Letters: Steroids, Teens and Songs of America
NEAL CONAN, host:
This is TALK OF THE NATION. I'm Neal Conan in Washington.
We hope to spend the majority of this hour talking with Christopher Hitchens about his book, "Thomas Paine's Rights of Man," one of the books that changed the world. We've been doing a series of interviews on that series of books from Atlantic Monthly press. Mr. Hitchens is evidently delayed on his way here to the studio, so the last shall be first.
It is Tuesday, the day we read from your e-mails and blog comments. Our show on the abuse of performance-enhancing drugs in sports needed more information, according to a listener named Stephanie(ph) from Bryan, Texas.
You asked your guest how does it feel to take anabolic steroids, and his answer wasn't quite complete, she wrote. I've taken steroids under a doctor's supervision and I can tell you it feels near euphoric, combined with high aggression levels. Your body doesn't register pain. All your senses are somewhat dulled. Tactile stimulation is muted. You know you should feel pain, but it just doesn't register. You feel 10 feet tall and bulletproof combined with a lowered tolerance for nonsense. Sadly, I can fully understand how someone would become an addict.
Another listener had a suggestion for an incentive to stop athletes from doping. John(ph) in Rochester wrote: What if we declare events in which a doped athlete competed null and void? In other words, if Marion Jones competed in the race on some form of performance-enhancing drug, don't bump the medals up a position. Simply declare the whole race void. That would give every competitor a dog in the fight, and pressure the athletic community as a whole to cease their tolerance of the practice.
Our show on what a parent at their wits' end should do left listeners burning up our blog. Many of them were upset with our coverage. An anonymous parent commented: My son attended a caring, professional and therapeutic wilderness program. It was a positive intervention for our family. He's now attending a therapeutic boarding school and is doing well to date.
While I enjoyed hearing the perspective and experiences of your guest, and I'm heartbroken to hear about abusive programs, I was disappointed by the lack of distinction between unregulated boot camps and the kinds of programs that are well supervised, licensed and above all, dedicated to the growth of troubled youth and the whole family. Don't lump these programs together with those programs that should be closed immediately. The entire industry is not unregulated, heartless, abusive.
Another blog comment came from inside the industry and took issue with our guest, Maia Szalavitz. Sarah(ph) wrote: I am a licensed clinical social worker who has worked as a counselor in two different programs that provide emotional growth for troubled teens in a wilderness setting. I have integrity, compassion, ethical and moral values, great education and training, and several regulatory bodies that keep an eye on me, and the work that's happening in the field. Maya Szalavitz' comments always get to me, and I love that about her passion regardless of how intently I disagree.

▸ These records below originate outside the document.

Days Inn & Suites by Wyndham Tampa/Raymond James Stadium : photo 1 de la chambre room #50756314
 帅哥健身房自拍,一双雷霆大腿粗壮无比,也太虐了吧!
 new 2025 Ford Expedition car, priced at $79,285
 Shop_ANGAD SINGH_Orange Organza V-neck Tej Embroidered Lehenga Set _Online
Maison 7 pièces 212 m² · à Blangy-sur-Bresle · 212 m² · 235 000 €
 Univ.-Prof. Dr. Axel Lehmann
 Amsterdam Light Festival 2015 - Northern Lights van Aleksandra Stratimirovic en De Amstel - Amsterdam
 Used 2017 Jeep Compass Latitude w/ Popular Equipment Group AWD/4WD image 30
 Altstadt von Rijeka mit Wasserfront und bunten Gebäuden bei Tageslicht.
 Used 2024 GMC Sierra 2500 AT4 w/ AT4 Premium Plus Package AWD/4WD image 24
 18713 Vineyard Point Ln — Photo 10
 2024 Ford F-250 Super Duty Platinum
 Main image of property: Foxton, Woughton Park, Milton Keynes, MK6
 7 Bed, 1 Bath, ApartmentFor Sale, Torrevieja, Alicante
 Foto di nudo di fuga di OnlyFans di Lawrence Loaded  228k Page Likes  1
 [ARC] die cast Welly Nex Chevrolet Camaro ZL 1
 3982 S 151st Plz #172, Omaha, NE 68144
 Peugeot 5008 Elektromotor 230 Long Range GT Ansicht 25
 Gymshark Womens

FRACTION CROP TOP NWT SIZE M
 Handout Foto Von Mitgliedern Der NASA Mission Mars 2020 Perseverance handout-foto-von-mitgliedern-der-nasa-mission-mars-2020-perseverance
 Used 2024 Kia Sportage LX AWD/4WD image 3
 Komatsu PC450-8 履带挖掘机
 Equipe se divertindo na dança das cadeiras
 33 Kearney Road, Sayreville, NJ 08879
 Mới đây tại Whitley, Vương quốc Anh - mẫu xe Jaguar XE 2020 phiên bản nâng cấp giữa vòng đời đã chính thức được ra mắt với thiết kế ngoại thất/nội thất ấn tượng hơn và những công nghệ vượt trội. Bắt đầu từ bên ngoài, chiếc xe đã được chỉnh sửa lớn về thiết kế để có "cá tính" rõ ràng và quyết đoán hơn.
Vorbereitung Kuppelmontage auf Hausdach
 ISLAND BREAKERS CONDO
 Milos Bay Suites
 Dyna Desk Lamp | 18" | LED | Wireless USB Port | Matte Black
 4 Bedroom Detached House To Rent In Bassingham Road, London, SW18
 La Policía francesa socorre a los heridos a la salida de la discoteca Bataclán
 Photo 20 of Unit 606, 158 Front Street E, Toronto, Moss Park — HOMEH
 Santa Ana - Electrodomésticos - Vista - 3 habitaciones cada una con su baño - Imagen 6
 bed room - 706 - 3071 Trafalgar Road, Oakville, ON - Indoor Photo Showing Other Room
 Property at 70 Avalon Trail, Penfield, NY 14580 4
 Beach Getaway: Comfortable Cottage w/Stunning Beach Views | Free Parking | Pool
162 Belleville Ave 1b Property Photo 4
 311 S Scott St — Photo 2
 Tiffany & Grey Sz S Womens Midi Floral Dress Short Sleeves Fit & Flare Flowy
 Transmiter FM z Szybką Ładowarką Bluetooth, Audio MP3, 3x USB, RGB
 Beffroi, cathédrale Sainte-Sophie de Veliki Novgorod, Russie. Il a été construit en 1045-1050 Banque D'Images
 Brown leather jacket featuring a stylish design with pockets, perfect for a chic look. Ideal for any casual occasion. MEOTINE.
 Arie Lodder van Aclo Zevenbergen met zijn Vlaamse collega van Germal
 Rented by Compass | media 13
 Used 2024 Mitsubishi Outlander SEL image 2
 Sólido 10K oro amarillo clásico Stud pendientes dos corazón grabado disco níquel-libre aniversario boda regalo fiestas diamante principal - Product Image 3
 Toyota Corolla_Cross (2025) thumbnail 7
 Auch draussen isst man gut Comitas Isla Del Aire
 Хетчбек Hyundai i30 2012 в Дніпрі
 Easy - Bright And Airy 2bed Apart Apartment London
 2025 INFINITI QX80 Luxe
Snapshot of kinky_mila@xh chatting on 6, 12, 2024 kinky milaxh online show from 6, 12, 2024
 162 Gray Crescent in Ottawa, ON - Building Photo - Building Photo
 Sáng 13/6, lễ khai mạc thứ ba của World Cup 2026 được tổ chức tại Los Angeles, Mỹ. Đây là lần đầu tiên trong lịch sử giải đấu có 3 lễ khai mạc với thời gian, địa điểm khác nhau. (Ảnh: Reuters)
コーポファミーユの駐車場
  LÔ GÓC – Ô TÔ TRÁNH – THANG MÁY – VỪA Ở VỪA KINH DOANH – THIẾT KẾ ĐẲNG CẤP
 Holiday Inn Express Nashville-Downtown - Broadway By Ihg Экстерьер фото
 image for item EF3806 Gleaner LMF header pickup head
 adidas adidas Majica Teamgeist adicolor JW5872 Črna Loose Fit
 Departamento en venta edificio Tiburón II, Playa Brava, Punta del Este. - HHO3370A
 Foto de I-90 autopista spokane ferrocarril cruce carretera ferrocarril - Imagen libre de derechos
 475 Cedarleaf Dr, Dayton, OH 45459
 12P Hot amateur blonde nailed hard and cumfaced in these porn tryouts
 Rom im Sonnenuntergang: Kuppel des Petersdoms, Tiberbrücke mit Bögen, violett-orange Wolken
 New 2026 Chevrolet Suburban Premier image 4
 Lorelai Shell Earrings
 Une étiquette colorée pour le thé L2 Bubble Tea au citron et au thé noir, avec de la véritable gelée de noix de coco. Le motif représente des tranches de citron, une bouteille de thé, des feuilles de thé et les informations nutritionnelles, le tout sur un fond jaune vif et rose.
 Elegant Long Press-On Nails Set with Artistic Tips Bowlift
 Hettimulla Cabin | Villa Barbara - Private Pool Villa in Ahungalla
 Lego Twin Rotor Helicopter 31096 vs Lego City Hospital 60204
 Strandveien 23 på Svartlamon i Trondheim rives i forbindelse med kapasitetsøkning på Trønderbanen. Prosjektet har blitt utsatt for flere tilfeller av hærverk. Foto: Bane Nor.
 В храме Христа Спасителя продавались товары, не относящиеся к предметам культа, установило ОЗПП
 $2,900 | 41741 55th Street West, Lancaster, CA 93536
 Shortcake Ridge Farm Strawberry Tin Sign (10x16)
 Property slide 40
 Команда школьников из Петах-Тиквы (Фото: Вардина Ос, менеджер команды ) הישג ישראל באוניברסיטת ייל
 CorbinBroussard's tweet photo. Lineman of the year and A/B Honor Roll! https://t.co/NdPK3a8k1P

Tragedy has occurred in our industry just as it has in placements that provide treatments that had been scientifically proven effective, studied inside and out, and approved through APA - that's the American Psychological Association - standards, in addition to being audited by a number of regulatory agencies. It's sad to discount the personal experiences of those students and families who have had life-changing, non-traumatic experiences in these settings.
During our show with former Attorney General Janet Reno on the collection she helped put together called "Song of America," we got hundreds of suggestions for songs that should be included. The one that won out by your vote was Woody Guthrie's, "This Land is Your Land." In fact, it is one of the 50 that was chosen for the collection. One listener, Rocky(ph) from the District of Columbia wrote: In fact, it should be our national anthem. Imagine how much easier it would be to sing at ballgames.